El virus no es ningún problema pero el confinamiento ha provocado un desastre en Nigeria

Con 200 millones de habitantes, Nigeria es el país más poblado de África. A la pandemia se le imputan un número insignificante de fallecimientos: 1.163 personas, 6 por millón de habitantes. Allá el virus no es ningún problema, pero un confinamiento absolutamente delirante ha sumido en el hambre a millones de personas.

En junio el Programa Alimentario Mundial de la ONU (PAM) dijo que más de 3,8 millones de personas, principalmente del sector informal, podrían perder su trabajo y la cifra podría aumentar a 13 millones si el confinamiento continuaba por un período de tiempo más largo. “Eso sumaría a los casi 20 millones (23 por ciento de la población activa) que ya están desempleados”, añadió Elisabeth Byrs, portavoz del PAM.

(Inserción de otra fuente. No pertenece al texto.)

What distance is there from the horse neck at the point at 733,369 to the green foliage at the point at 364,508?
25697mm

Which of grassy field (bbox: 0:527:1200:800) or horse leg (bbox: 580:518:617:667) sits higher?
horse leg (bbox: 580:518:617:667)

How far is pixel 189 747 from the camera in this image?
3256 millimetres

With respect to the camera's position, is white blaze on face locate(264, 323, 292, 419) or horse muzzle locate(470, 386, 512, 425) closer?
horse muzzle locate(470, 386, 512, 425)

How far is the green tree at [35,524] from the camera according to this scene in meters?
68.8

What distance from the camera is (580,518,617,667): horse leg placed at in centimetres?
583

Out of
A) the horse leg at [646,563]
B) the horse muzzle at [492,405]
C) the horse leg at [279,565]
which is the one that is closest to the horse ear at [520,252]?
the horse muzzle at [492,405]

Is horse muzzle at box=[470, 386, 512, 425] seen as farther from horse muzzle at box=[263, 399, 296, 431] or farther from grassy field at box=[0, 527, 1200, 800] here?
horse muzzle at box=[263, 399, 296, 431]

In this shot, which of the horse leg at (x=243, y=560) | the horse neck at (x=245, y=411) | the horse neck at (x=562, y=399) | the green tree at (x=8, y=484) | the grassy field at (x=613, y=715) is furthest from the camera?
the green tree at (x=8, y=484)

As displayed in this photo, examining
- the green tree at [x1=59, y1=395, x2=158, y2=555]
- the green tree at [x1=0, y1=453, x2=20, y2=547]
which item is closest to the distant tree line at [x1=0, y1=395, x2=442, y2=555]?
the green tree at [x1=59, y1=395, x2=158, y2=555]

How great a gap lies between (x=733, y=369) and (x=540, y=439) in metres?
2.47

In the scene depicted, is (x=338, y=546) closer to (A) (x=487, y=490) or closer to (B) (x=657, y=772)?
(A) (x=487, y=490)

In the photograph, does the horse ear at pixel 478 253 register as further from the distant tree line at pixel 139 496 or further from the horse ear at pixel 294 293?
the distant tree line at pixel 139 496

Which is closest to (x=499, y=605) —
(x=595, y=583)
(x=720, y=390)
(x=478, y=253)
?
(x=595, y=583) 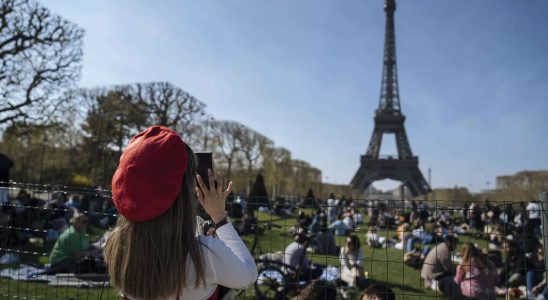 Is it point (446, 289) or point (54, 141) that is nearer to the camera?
point (446, 289)

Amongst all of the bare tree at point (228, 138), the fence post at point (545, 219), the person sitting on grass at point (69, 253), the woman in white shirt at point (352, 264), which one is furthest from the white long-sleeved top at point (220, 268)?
the bare tree at point (228, 138)

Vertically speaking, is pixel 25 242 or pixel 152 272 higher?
pixel 152 272

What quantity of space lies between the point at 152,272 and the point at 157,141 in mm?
499

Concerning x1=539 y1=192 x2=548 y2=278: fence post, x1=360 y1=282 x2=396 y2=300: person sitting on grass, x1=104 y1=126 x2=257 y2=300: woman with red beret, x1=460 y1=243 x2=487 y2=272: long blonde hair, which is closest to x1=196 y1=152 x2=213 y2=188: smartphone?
x1=104 y1=126 x2=257 y2=300: woman with red beret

Se estima que en Nigeria 90 millones de personas, casi la mitad de la población, dependen del sector informal para alimentarse a sí mismos y a sus familias.

El cierre de escuelas ha impactado en unos 39 millones de niños y jóvenes, con enormes implicaciones para el aprendizaje, la salud y la nutrición de los escolares.

El confinamiento impide que la población se pueda bastar a sí misma y tenga que depender de la caridad internacional, es decir, que refuerza la dependencia. Los programas de alimentación se han tenido que multiplicar.

Desde mayo el PAM aumentó su asistencia para llegar a 3 millones de hambrientos en Nigeria, incluido el apoyo a los sistemas gubernamentales de protección social en las ciudades de Abuja, Kano y Lagos. El PMA trabaja para ayudar a 1,2 millones de personas mediante la distribución de alimentos en las tres metrópolis nigerianas.

El organismo de la ONU recurre a la red de escuelas para alimentar a los niños y para distribuir, a traves suyo, paquetes de comida. El objetivo es llegar a 9 millones de niños en 3 millones de hogares en los 36 estados del país.

La respuesta caritativa se ha centrado en los pobres de las zonas urbanas, como el barrio de Makoko. Entre los asistidos se encuentra Marceline Wanu, 25 años, madre de cuatro hijos, que vende pescado en el barrio. “Cuando el gobierno dijo que nadie tenía que ir a ninguna parte”, ya no pudo ir al mercado. “Pero al no poder ir al mercado, tampoco había dinero para alimentar a mis hijos a veces y es muy doloroso. Mis hijos solían recibir comida cuando iban a la escuela, pero cuando sus escuelas cerraban, se convertía en una carga extra. Pero desde que dieron los alimentos, nos ha ayudado un poco”.